ルイス・キャパルディ、地元で人気のシンガーソングライターから世界的大スターへ 成功も悲劇も手にした稀有な才能と人生
その辺の街中で歌っていた、地元ではお馴染みのシンガーソングライターが、数年後には世界的な大スターに。映画やドラマではもはや手垢が付きすぎているくらいに定番のプロットだが、そういうことが時々起こるのがポップミュージックというものだ。「アイツの歌がすごく良いんだ」という感覚は、結局のところそこから遠く離れた人々にとっても「良い曲」だったりするのである。その点において、現代のシーンにおける代表的な人物がルイス・キャパルディであることに疑いの余地はないだろう。
スコットランド・グラスゴーで生まれ、ウェスト・ロージアンの小さな町であるバスゲイトで育ったルイスは、9歳の頃にギターを始め、10代前半から地元のパブなどを中心にライブを続けてきたという、生粋の「地元でお馴染みのシンガーソングライター」である。彼が自宅の寝室で自作曲の弾き語りをiPhoneで録音、何気なくSoundCloudにアップロードし、それを現在のマネージャーが発見していなければ、もしかしたら今も彼はスコットランドで地道に音楽活動を続けているままだったかもしれない。
そんな“最初の発見”を経て、2017年に自主制作となる最初のシングル曲「Bruises」がリリースされると、世界中で新たな“発見”が相次ぐようになる。レーベル契約前でありながらSpotifyで2,800万再生という異例の大ヒットを記録した同曲は、彼のキャリアをこれ以上ないほど強く後押しし、2019年5月には遂にメジャーデビュー作となる『Divinely Uninspired To A Hellish Extent』をリリース。2016年からの3年間にリリースしてきた楽曲も収録した、当時のルイスにとっての集大成的な作品でもあった同作は、全英アルバムチャートで6週連続1位を記録するという大ヒット作となった。

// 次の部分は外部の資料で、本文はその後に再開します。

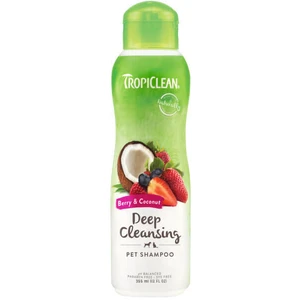TropiClean Shampoo Berry & Coconut Deep Cleansing 355mL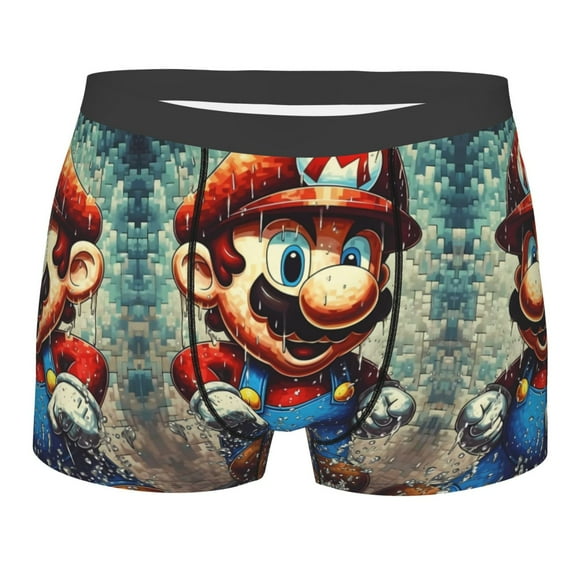 Saiise Mario X Men's Underwear Boxer Briefs Cotton Trunks Short Leg Underwear (S-XXL)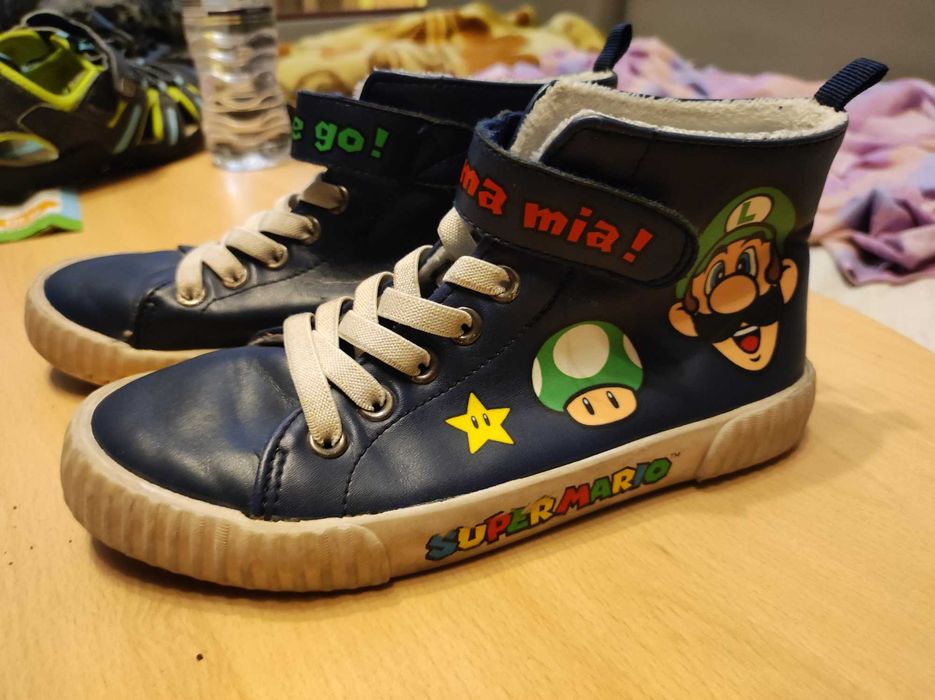 Детски пролетно летни кецове  Super Mario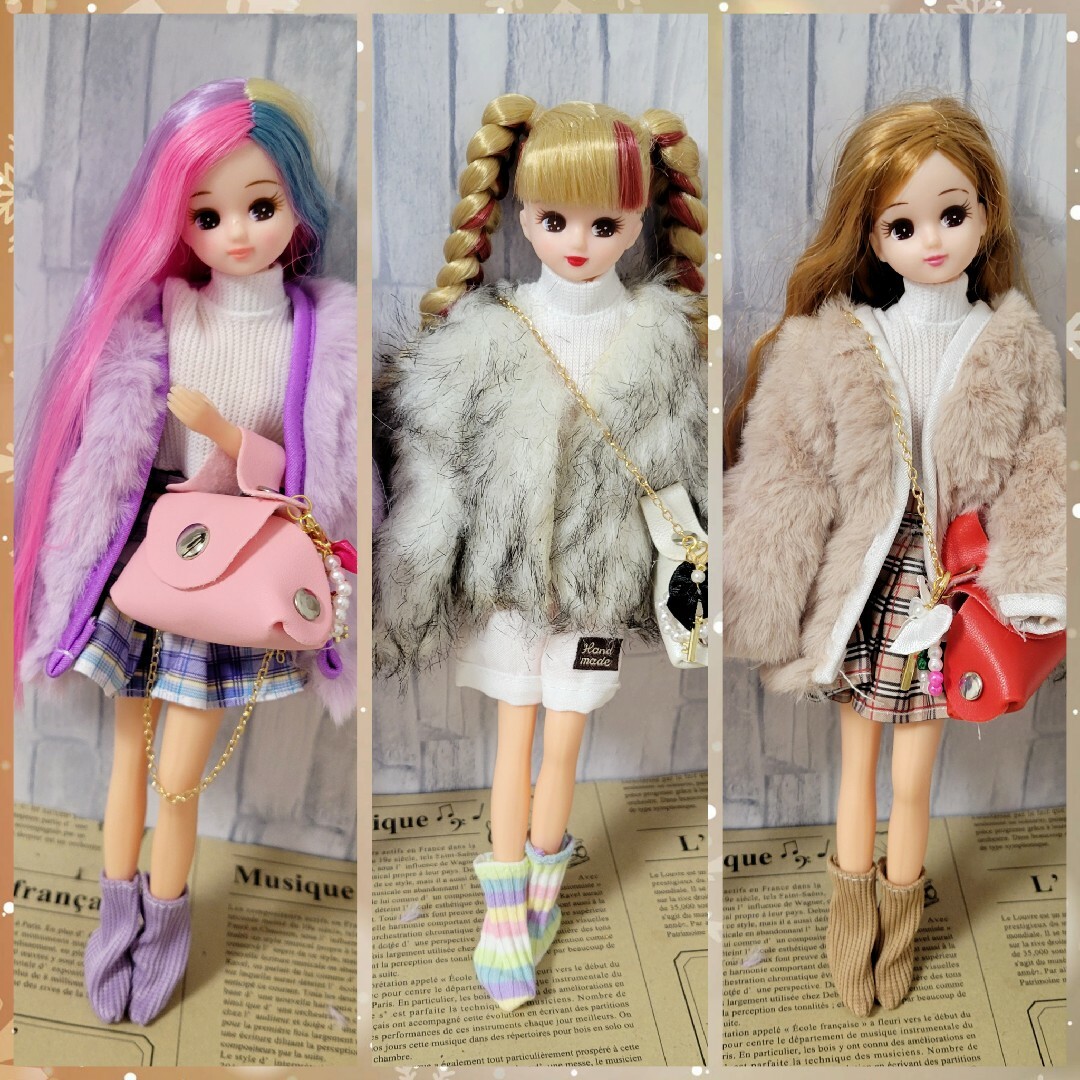 リカちゃん ジェニーちゃんサイズ 靴下 11点セット リカちゃん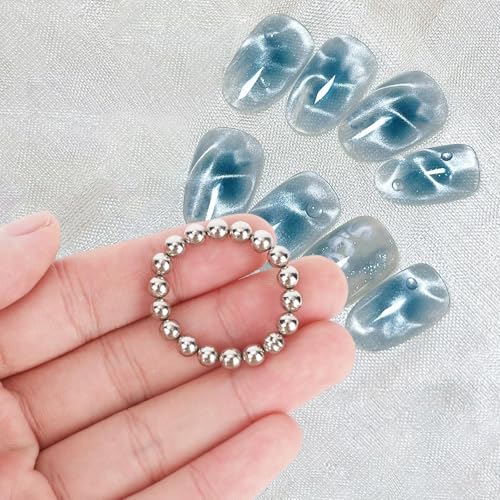 40 Pcs Cat Eye Nail Magnet Balls for Magnetic Nail Art - Strong Round Beads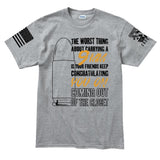 Mens TYM 9mm Coming Out of The Closet T-shirt Style001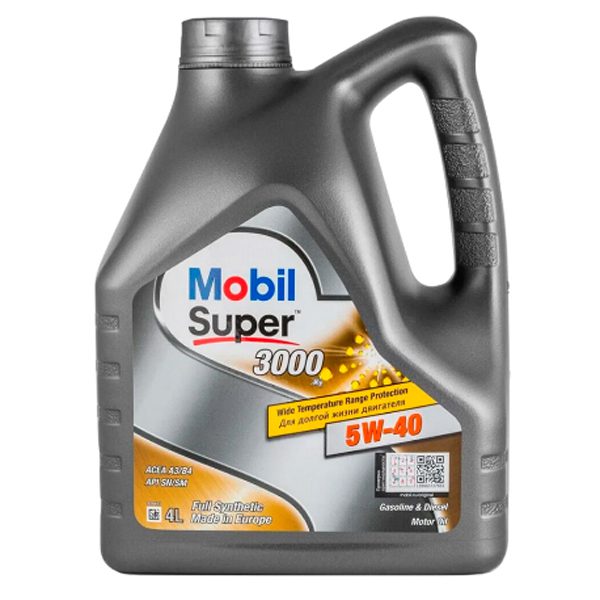 Моторное Mobil Super 3000 X1 5W40 4л Синтетика бензин/дизель SN/SM A3/B4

何よりもルイスに大きな変化を与えたのは、2018年11月リリースのEP『Breach』の3曲目という控え目な印象とともにリリースされた「Someone You Loved」だろう。シンプルなピアノバラードでありながら、あまりにも切ない喪失感に満ちたリリックと、エモーショナルで美しい歌声がじわじわと人々の支持を集める。また、MVで描かれる感動的なストーリーも楽曲とあわせてリスナーの胸を打った。そして同楽曲はリリースから約4カ月後となる2019年3月に全英シングルチャート1位を達成。さらにそこから7週連続で1位を獲得し、同年における全英で史上最も売れたシングル、歴代史上最もストリームされた曲と認定されるほどの大ヒットとなったのである。さらにその支持は国境を超えて広がっていき、同年11月には全米シングルチャートでも1位を達成。数年前まで“町で評判のシンガーソングライター”だったルイスは、いつの間にか“2019年に最も成功したアーティスト”の一人となったのだ。多くの著名なアーティストも彼に称賛を送り、かのエルトン・ジョンもその才能を絶賛してメールで直接メッセージを伝えたというほどだ。
だが、急激な成功と、自らを囲む環境の劇的な変化は、確実にルイス自身に大きな負担を与えていた。今年配信されたNetflixドキュメンタリー『ルイス・キャパルディ:今、僕が思うこと』では、「実力のない詐欺師の気分だ」とエド・シーランに相談し、「僕の歌を聴いてくれるのは嬉しい」と前置きしながらも「人々が僕の歌を聴きに来てくれるのが不思議だ」、「理解できない」と語り、それでも前に進むために、次の作品を完成させようとグラスゴーの自宅で制作作業に取り組むルイスの姿が収められている。序盤こそ彼らしいユーモラスな姿や、幼少期の映像に和むことができるが、徐々に状況は悪化し、やがてパニック発作や持病の痙攣の悪化に苦しむようになり、もはや「成功するべきではなかったのではないか」と思ってしまうほどの光景が広がっていく。